Above are two maps of Providence before and after the relocation of Route 195, opening up about 40 acres for development between downtown and the Jewelry District. Toward the top of the map you can see the Providence River curve toward Waterplace Park and the huge (and elegant) Providence Place shopping mall in Capital Center. These are the major development areas in Providence. Between them is the old commercial district with many loft rehab projects developed over ground-floor retail that is changing the tenor of life in Rhode Island’s capital city.
Below is a pictorial summary of the latest major development projects in Providence, within the I-195 Redevelopment District, near it, and in the more central districts of downtown not far away. Rhode Islanders should be aware that if all of these projects are completed, the state will receive a strong economic boost. But if they are completed according to the latest designs proposed, that boost will face a strong undertow in design that would undermine rather than strengthen the state’s brand.
What follow are illustrations and some details of the projects:
The Wexford consortium project shown above represents a very preliminary rendering of what would exist upon completion of the project’s three phases over several years in the I-195 Redevelopment District.
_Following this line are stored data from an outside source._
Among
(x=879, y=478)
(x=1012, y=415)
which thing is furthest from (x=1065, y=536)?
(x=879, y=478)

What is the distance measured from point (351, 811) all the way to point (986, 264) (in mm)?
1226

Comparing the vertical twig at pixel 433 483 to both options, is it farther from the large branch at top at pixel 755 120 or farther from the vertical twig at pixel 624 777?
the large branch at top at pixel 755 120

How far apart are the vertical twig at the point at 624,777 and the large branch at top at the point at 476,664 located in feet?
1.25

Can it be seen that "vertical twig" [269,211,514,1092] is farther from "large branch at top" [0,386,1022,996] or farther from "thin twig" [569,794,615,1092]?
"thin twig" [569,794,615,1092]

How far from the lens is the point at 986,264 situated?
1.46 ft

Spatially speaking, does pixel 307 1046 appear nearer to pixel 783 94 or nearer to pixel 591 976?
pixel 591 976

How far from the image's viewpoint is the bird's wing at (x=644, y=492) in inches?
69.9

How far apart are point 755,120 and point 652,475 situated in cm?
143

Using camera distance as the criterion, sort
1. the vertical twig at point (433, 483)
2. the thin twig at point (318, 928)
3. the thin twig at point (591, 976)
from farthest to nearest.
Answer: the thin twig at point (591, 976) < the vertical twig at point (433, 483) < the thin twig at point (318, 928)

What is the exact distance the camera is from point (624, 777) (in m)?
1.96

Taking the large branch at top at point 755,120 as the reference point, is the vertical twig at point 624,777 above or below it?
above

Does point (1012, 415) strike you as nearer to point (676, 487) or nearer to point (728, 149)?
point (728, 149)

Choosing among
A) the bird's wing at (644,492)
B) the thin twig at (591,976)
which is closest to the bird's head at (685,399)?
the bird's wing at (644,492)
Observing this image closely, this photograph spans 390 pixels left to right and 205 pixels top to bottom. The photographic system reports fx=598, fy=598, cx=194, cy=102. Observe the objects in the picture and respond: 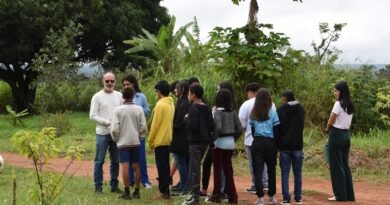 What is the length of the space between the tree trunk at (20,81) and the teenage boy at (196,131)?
2032 cm

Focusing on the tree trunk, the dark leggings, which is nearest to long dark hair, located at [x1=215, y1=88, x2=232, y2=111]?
the dark leggings

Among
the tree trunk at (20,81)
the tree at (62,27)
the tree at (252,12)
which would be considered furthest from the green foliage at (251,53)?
the tree trunk at (20,81)

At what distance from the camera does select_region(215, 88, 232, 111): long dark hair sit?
7.70 m

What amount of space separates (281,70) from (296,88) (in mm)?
932

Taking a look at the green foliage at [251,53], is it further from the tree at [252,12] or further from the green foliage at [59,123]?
the green foliage at [59,123]

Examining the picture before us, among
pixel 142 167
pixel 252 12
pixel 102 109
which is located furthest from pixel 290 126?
pixel 252 12

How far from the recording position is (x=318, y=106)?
15.1m

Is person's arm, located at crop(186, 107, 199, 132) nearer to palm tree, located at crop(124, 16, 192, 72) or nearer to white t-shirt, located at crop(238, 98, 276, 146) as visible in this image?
white t-shirt, located at crop(238, 98, 276, 146)

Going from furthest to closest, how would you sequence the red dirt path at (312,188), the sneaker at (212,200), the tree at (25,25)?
the tree at (25,25) < the red dirt path at (312,188) < the sneaker at (212,200)

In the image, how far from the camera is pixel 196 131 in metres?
7.51

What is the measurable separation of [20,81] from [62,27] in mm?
4833

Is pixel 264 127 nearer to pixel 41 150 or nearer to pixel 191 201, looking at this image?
pixel 191 201

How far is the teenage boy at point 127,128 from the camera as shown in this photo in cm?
794

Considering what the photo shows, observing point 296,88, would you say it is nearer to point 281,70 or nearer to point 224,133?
point 281,70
These are parcels 22 and 25, nearest the proposed public park (or a traditional Triple A PawSox stadium if that proposal moves forward). Here are links to the LINK, as the overall development is known, and to its Developers Tool Kit. The developer has described the proposed design as “modern with an international flair.”
The two dormitories shown above in renderings are to fill the first parcel sold by the 195 commission. The structure in the upper right quadrant of the plan involves demolishing a very nice background building erected in the 1920s. Part of the rationale for spending over $600 million to relocate Route 195 in 1990-2010 was to reknit the old Jewelry District to downtown. The design conception for the 195 corridor, not to mention the demolition of a historical building, undermine vital parts of the rationale for the highway relocation.
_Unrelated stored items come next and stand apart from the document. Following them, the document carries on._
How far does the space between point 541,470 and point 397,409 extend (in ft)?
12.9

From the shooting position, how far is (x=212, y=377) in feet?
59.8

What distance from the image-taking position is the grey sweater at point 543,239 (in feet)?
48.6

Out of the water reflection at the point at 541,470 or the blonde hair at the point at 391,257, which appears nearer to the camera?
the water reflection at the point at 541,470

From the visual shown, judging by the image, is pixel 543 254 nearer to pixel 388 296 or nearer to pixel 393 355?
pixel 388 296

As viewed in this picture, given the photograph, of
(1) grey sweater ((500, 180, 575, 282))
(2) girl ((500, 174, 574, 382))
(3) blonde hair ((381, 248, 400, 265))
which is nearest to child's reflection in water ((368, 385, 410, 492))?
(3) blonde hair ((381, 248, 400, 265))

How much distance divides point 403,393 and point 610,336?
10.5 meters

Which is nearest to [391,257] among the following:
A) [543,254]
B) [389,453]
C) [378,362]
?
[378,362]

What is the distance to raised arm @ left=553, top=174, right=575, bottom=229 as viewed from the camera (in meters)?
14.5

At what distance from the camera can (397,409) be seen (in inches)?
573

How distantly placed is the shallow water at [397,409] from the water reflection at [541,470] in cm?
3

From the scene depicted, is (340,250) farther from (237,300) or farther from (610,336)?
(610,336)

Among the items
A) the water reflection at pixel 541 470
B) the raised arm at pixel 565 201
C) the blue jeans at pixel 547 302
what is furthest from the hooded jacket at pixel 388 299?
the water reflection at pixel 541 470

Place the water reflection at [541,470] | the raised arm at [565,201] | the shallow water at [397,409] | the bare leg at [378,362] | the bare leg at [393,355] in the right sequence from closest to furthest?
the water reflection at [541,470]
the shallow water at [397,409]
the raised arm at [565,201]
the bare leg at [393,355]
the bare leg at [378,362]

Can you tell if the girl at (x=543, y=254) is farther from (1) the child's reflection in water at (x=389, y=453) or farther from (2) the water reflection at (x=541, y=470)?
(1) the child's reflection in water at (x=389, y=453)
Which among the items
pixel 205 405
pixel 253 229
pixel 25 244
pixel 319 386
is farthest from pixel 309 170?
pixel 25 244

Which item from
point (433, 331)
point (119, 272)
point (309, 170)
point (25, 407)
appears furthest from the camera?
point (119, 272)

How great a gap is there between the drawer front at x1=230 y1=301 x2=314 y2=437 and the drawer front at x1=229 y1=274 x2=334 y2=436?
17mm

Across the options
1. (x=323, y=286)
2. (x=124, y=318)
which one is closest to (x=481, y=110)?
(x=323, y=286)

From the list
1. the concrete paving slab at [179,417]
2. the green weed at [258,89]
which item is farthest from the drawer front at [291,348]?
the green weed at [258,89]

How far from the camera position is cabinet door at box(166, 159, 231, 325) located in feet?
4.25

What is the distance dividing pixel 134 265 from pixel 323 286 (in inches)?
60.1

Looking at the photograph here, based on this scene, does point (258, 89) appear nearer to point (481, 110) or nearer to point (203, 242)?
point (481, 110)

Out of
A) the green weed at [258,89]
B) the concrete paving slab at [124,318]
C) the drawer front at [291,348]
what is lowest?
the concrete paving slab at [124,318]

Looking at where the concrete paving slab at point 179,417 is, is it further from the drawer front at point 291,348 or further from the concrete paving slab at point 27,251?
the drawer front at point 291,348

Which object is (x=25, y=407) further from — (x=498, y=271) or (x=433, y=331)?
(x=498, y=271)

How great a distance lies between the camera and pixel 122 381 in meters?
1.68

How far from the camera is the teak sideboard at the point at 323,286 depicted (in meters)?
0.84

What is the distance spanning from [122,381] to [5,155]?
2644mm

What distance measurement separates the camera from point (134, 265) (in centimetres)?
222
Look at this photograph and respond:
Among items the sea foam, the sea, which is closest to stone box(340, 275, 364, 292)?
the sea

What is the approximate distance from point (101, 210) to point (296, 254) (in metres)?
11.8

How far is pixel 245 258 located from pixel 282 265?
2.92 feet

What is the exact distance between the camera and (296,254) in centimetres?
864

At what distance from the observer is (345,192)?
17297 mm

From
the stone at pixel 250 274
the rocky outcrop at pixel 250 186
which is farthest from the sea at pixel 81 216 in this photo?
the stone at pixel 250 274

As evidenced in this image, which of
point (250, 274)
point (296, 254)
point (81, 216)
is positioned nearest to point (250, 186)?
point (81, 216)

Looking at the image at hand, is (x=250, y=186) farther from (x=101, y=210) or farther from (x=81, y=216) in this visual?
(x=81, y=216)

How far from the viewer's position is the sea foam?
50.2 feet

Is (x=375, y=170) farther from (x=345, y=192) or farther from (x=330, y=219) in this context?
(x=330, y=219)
Above are renderings of preliminary designs for two dormitories that are part of the South Street Landing project, which involves renovating a Beaux Arts power station as a state nursing school sharing space with some Brown University offices. Added would be two private dorms and a private parking garage, as seen in the plan of the entire project, which is right next door to the I-195 corridor and, possibly, a new stadium for the PawSox.
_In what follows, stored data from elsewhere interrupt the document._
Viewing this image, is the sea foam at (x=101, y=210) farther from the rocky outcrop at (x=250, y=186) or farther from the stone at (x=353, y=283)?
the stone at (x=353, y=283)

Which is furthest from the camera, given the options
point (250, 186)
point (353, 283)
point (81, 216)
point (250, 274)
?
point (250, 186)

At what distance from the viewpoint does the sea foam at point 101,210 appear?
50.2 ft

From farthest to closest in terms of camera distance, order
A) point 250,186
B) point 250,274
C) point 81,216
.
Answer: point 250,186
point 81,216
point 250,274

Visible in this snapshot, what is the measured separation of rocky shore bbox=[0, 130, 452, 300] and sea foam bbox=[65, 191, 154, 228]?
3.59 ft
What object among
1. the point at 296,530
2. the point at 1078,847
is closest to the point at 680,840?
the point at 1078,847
Above is the rendering of the Johnson & Wales University engineering and architecture department’s building now arising, the first new construction under way in the 195 corridor. It is still girders. It may not be feasible but it would be nice if there were time to give this building a façadectomy to make it more congenial to its neighbor specifically and to its neighborhood.
Above is an initial and a later rendering of a proposed hotel on Fountain Street downtown, next to the Providence Journal building and atop the site of the Fogarty Building, an example of unpopular Brutalist architecture. As you can see, the design for the hotel has already taken a sharp turn from modernist to traditional, even though there remains plenty of room to improve the latest design.
Above is an initial and later rendering of a proposed hotel on Parcel 12 of Capital Center, a triangular parcel near Kennedy Plaza whose shape causes problems and has yet to be adequately addressed. The initial design was traditional with very much room for improvement. The latest design moves further toward a traditional, even classical, motif, but it can still be substantially improved.
These are the major development projects moving forward downtown. All but the J&W building are in very early development stages. Most have not even begun to enter the long, winding, costly and confusing Providence design and permitting processes. Maybe there is time to reverse the worst of these designs, and there is certainly time to greatly improve the best of them – the two hotels.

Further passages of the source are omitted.